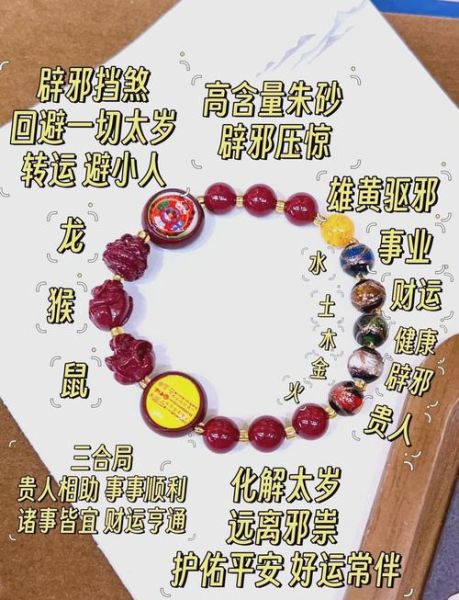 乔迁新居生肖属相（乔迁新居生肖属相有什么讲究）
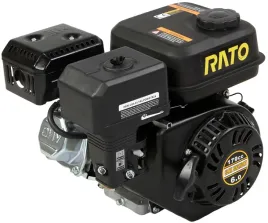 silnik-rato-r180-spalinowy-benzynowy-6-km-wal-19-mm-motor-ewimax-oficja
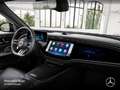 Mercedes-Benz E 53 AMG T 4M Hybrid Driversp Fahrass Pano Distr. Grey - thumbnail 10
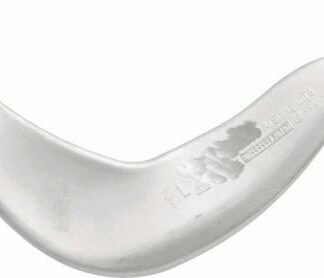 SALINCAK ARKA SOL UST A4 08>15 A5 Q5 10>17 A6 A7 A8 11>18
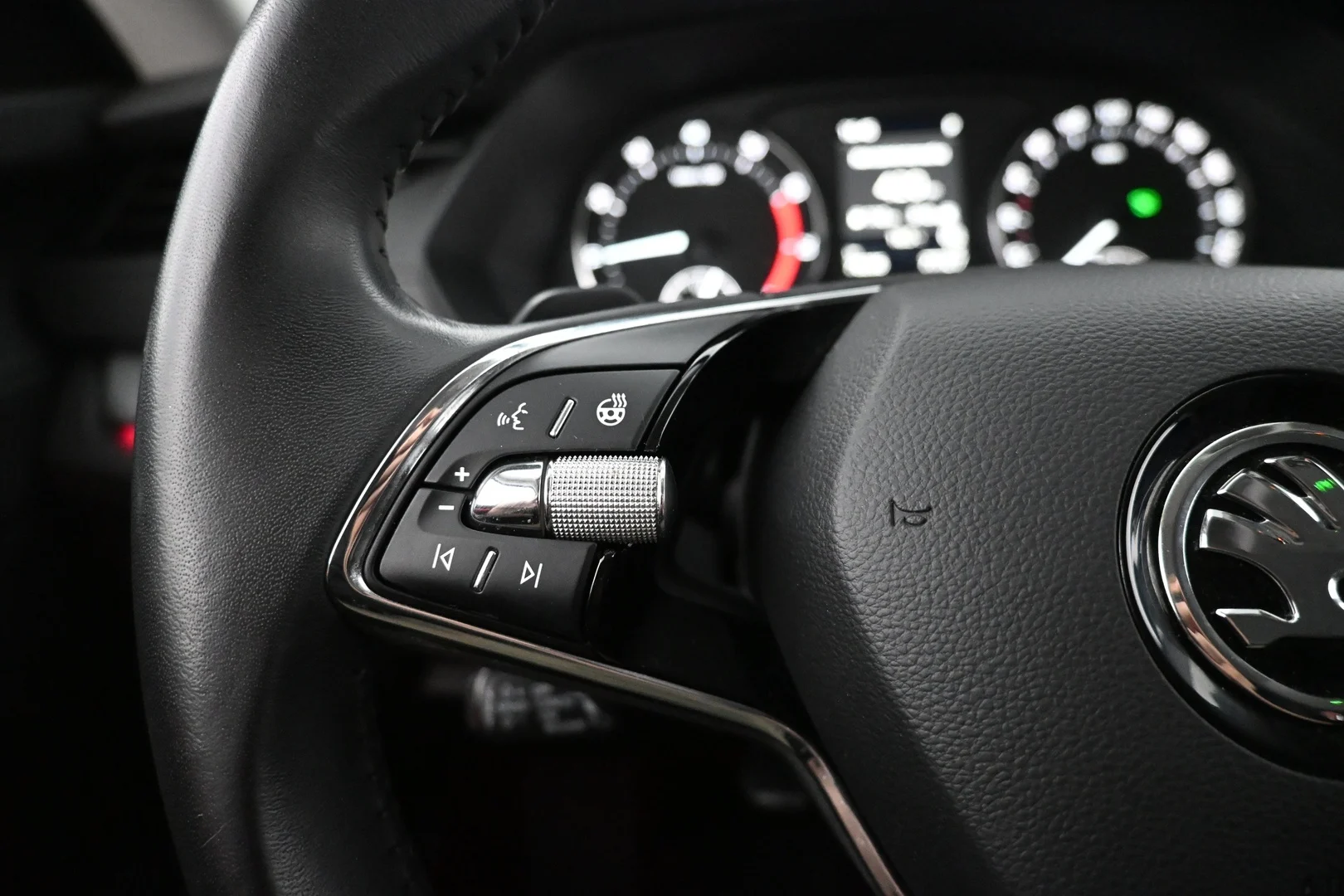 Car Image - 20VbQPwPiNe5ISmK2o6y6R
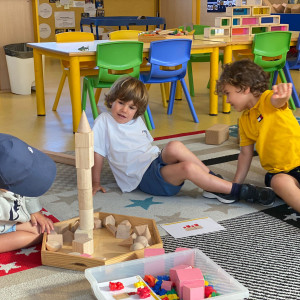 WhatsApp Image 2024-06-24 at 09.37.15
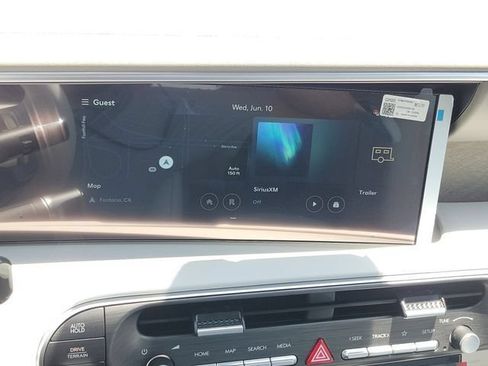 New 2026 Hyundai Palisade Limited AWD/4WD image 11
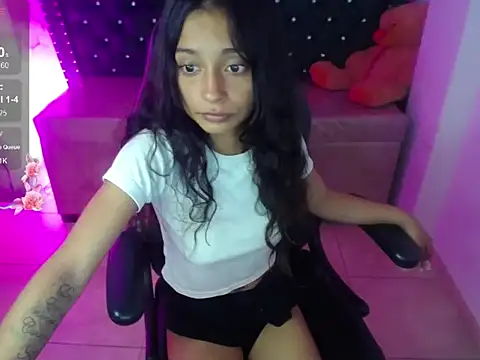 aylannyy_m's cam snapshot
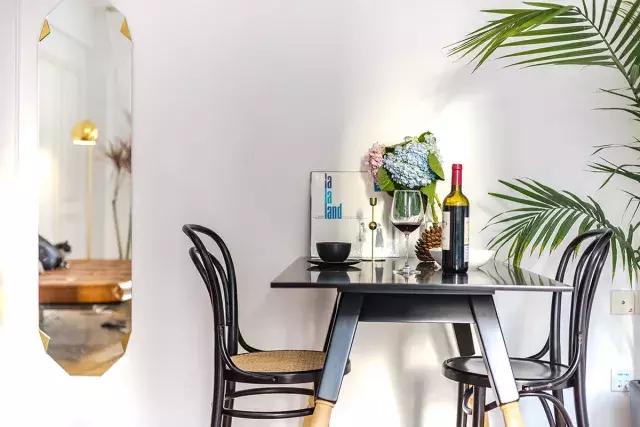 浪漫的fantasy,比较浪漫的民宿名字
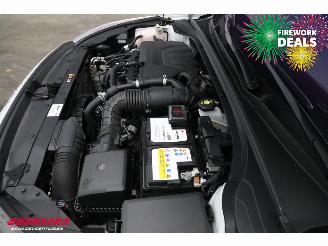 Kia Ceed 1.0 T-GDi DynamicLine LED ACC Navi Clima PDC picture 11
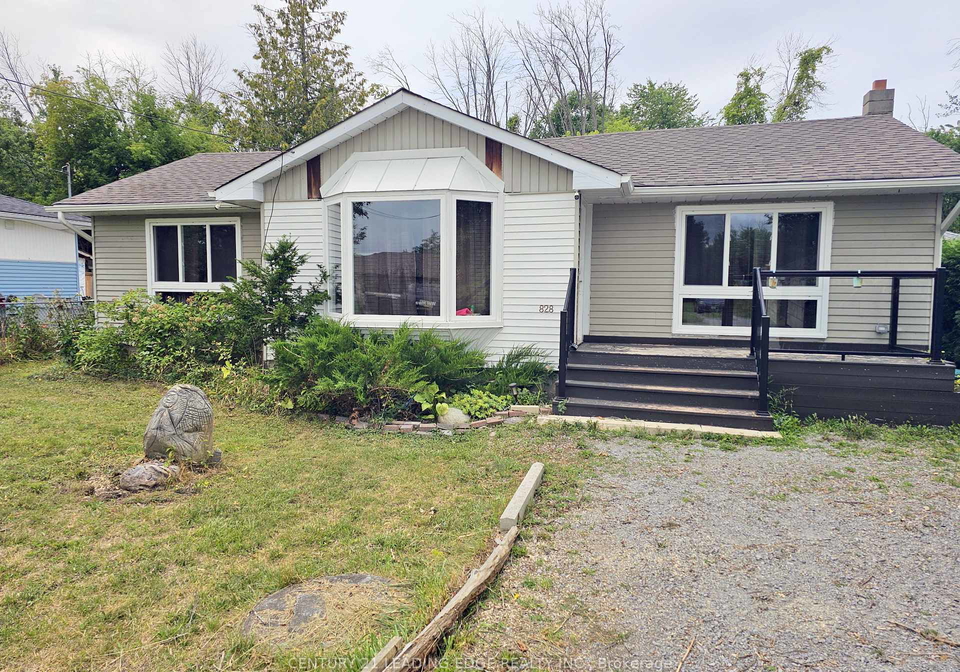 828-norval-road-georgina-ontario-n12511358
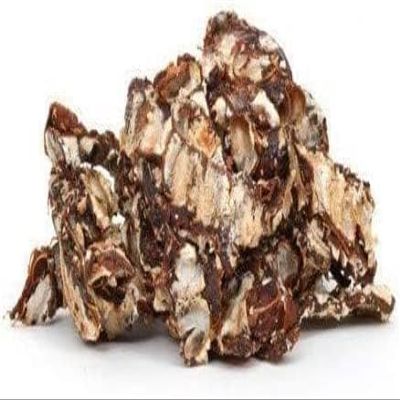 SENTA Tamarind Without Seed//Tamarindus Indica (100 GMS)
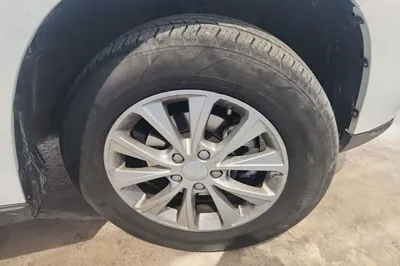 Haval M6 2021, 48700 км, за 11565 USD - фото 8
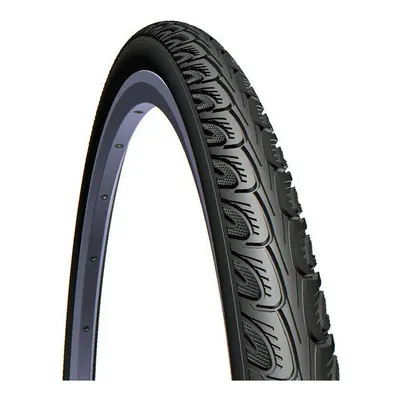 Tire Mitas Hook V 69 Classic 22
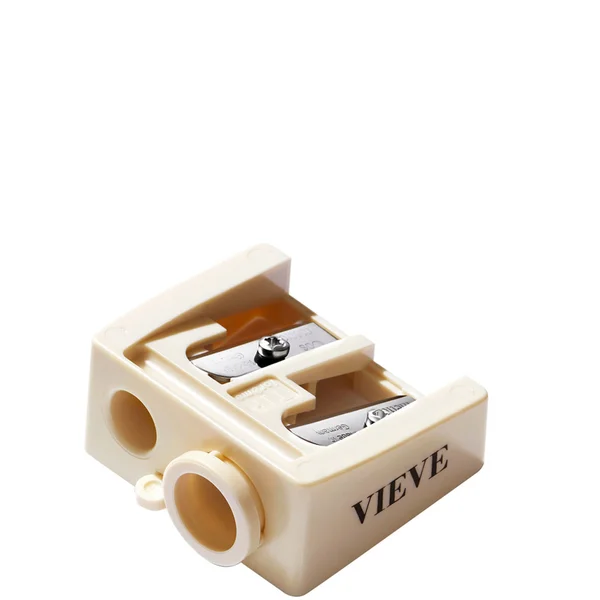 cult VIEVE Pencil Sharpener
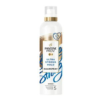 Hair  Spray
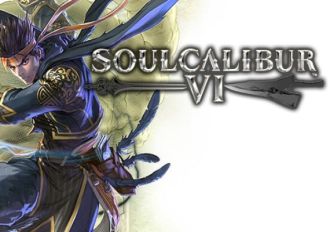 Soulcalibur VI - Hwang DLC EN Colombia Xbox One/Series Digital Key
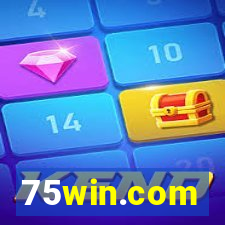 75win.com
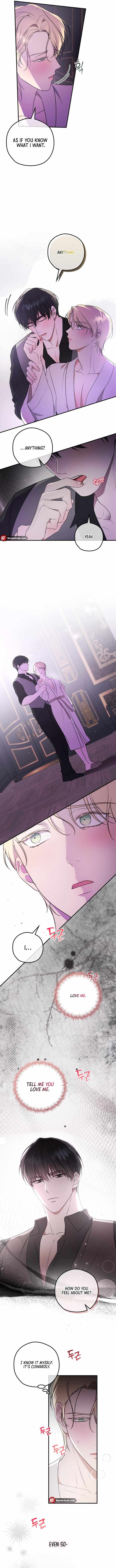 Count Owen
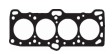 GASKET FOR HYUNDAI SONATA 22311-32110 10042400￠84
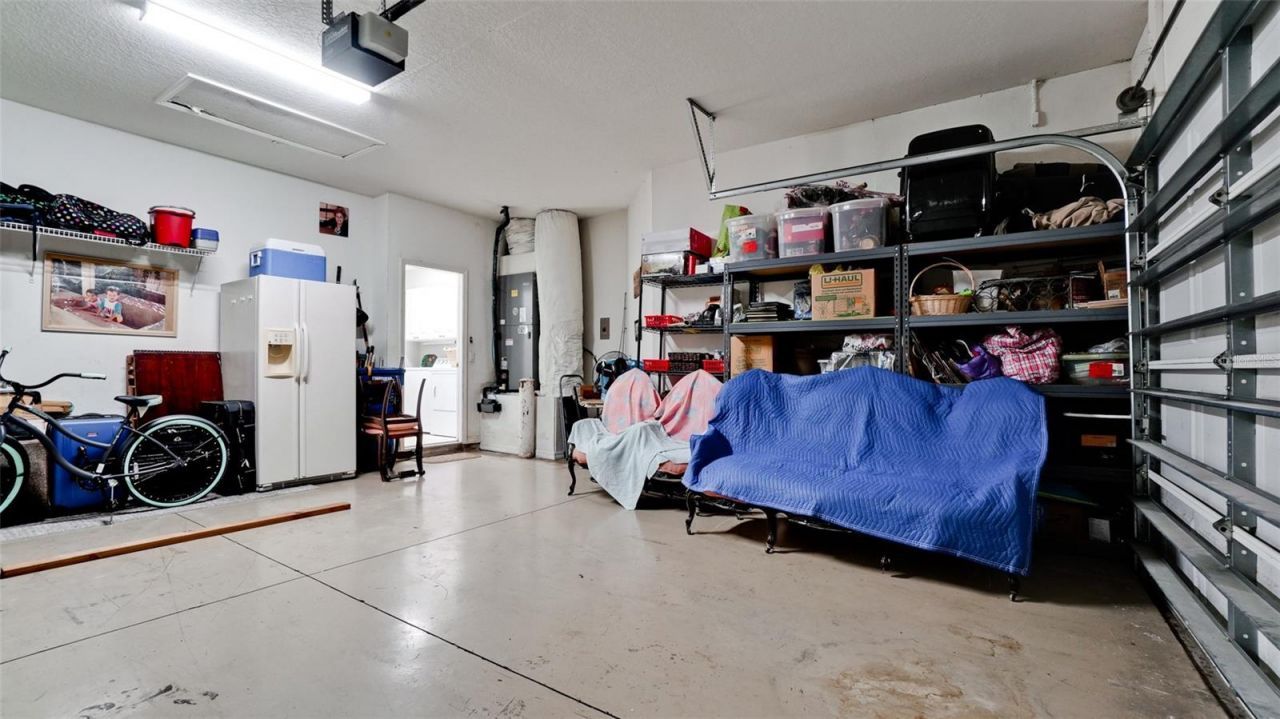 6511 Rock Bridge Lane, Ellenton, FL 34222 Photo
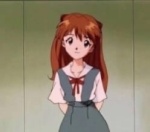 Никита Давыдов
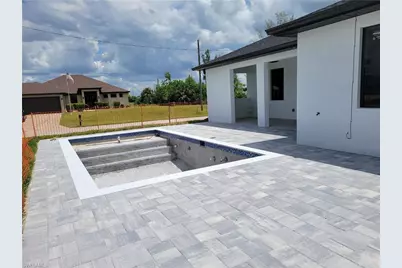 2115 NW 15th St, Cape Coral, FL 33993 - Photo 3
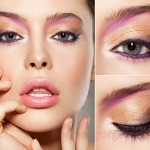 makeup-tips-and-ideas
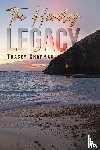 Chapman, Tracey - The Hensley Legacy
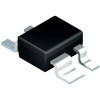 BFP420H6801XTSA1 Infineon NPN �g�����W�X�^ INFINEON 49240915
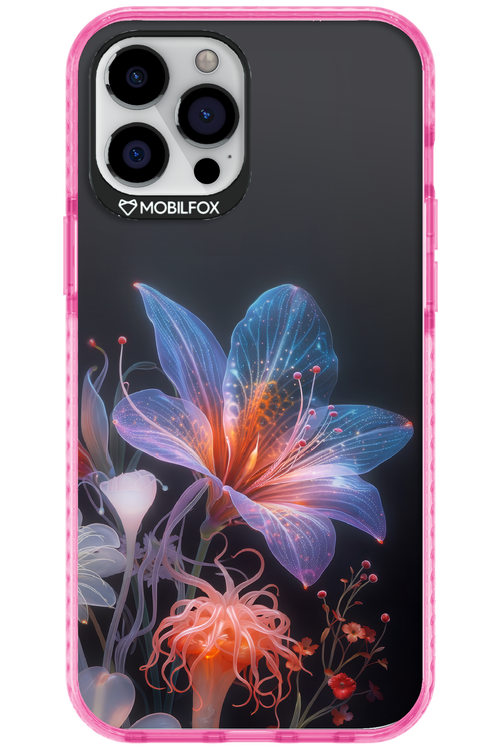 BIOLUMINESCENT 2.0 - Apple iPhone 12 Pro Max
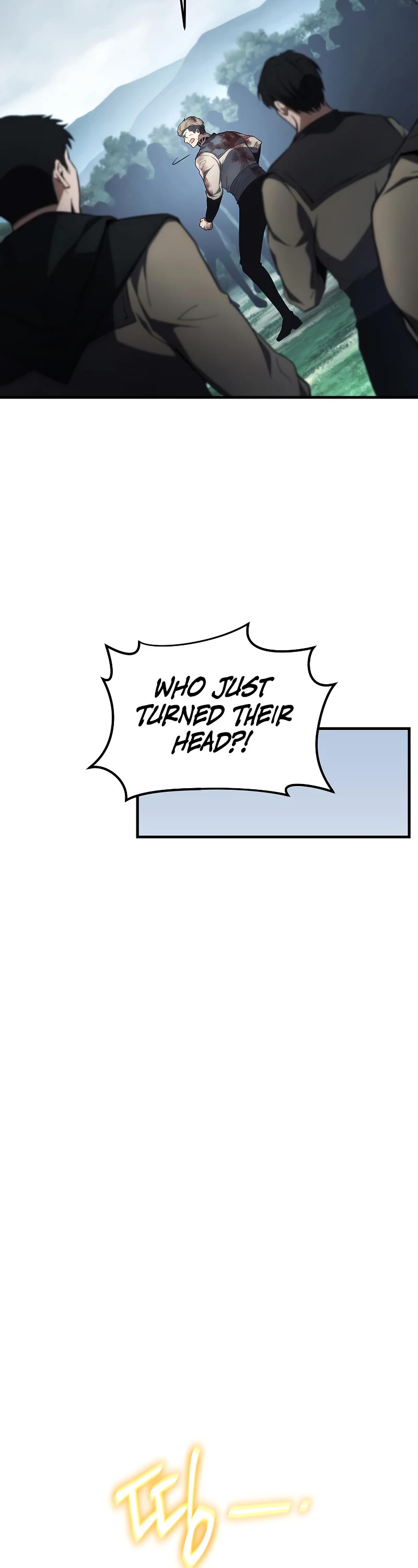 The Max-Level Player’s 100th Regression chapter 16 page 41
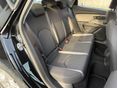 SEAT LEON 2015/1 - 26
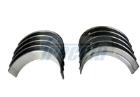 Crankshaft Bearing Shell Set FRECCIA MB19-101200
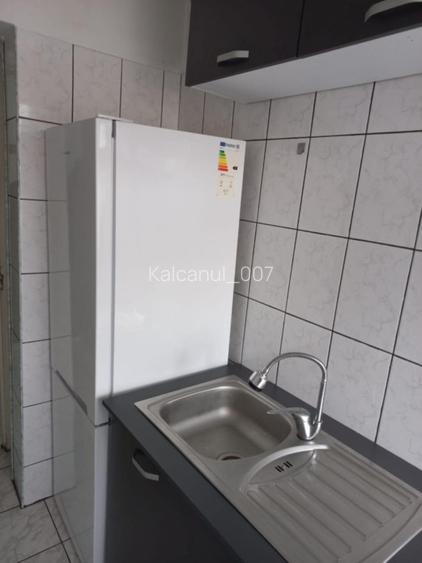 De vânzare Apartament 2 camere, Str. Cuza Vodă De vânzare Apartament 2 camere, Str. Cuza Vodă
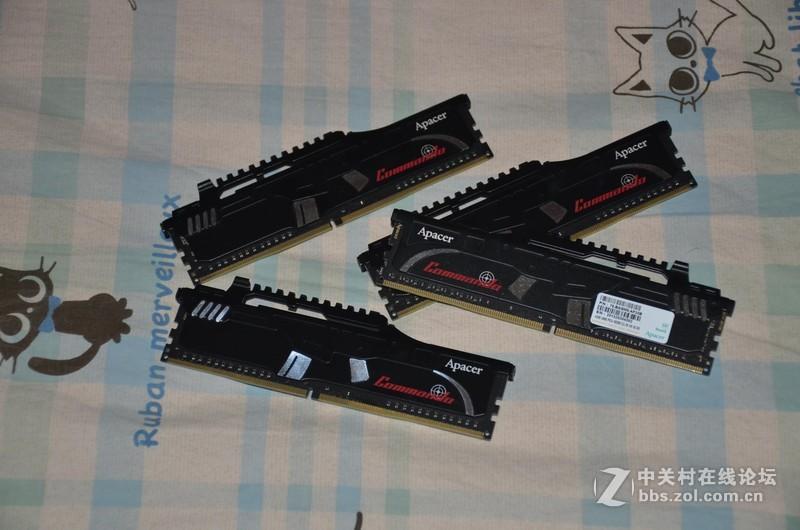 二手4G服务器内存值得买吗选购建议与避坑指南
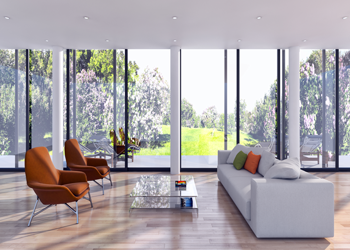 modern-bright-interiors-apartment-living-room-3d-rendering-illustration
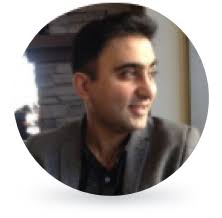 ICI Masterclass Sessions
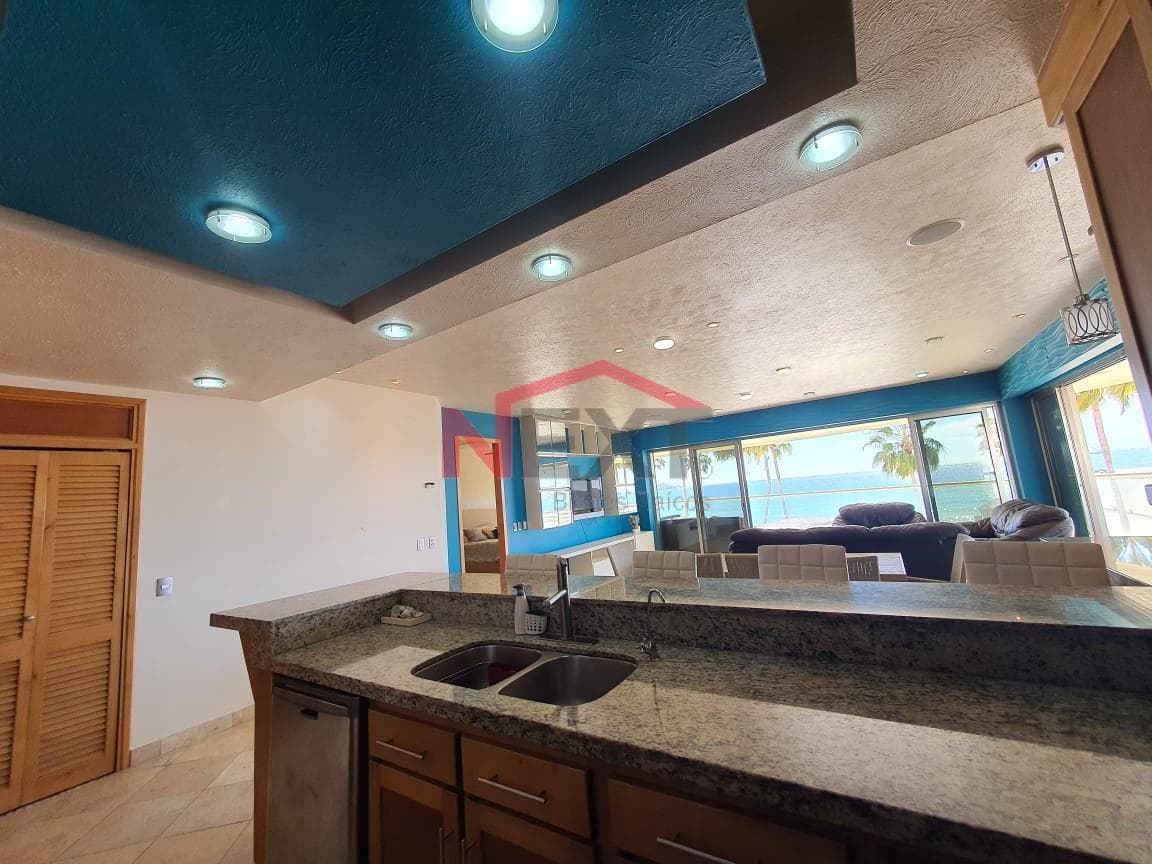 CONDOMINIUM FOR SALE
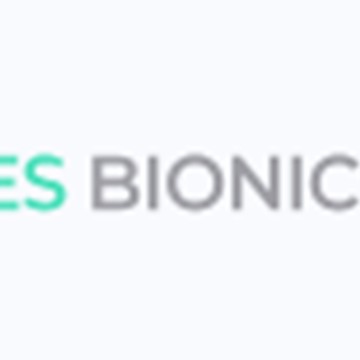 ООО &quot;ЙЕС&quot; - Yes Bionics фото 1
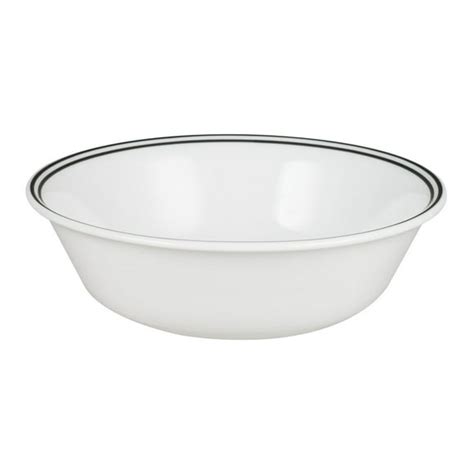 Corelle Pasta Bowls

========================================================================

EXERCISE DESCRIPTION> Every entry above should be written out again verbatim, with no pictures included.

WRITTEN REPLY>
 乔迁新居生肖属相（乔迁新居生肖属相有什么讲究）
 silnik-rato-r180-spalinowy-benzynowy-6-km-wal-19-mm-motor-ewimax-oficja
 Mercedes-Benz E 53 AMG T 4M Hybrid Driversp Fahrass Pano Distr. Grey - thumbnail 10
 SALINCAK ARKA SOL UST A4 08>15 A5 Q5 10>17 A6 A7 A8 11>18
 Car Image - 20VbQPwPiNe5ISmK2o6y6R
 WhatsApp Image 2024-06-24 at 09.37.15
 New 2026 Hyundai Palisade Limited AWD/4WD image 11
 aylannyy_m's cam snapshot
 浪漫的fantasy,比较浪漫的民宿名字
 Kia Ceed 1.0 T-GDi DynamicLine LED ACC Navi Clima PDC picture 11
 828-norval-road-georgina-ontario-n12511358
 SENTA Tamarind Without Seed//Tamarindus Indica (100 GMS)
 Haval M6 2021, 48700 км, за 11565 USD - фото 8
 Tire Mitas Hook V 69 Classic 22
 cult VIEVE Pencil Sharpener
 Hair  Spray
 Soulcalibur VI - Hwang DLC EN Colombia Xbox One/Series Digital Key
 75win.com
 Count Owen
 GASKET FOR HYUNDAI SONATA 22311-32110 10042400￠84
 6511 Rock Bridge Lane, Ellenton, FL 34222 Photo
 Никита Давыдов
 2115 NW 15th St, Cape Coral, FL 33993 - Photo 3
 makeup-tips-and-ideas
 Chapman, Tracey - The Hensley Legacy
 BFP420H6801XTSA1 Infineon NPN �g�����W�X�^ INFINEON 49240915
 BIOLUMINESCENT 2.0 - Apple iPhone 12 Pro Max
 The Max-Level Player’s 100th Regression chapter 16 page 41
 SEAT LEON 2015/1 - 26
 Crankshaft Bearing Shell Set FRECCIA MB19-101200
 De vânzare Apartament 2 camere, Str. Cuza Vodă De vânzare Apartament 2 camere, Str. Cuza Vodă
 二手4G服务器内存值得买吗选购建议与避坑指南
 modern-bright-interiors-apartment-living-room-3d-rendering-illustration
 ICI Masterclass Sessions
 CONDOMINIUM FOR SALE
 ООО &quot;ЙЕС&quot; - Yes Bionics фото 1
 Corelle Pasta Bowls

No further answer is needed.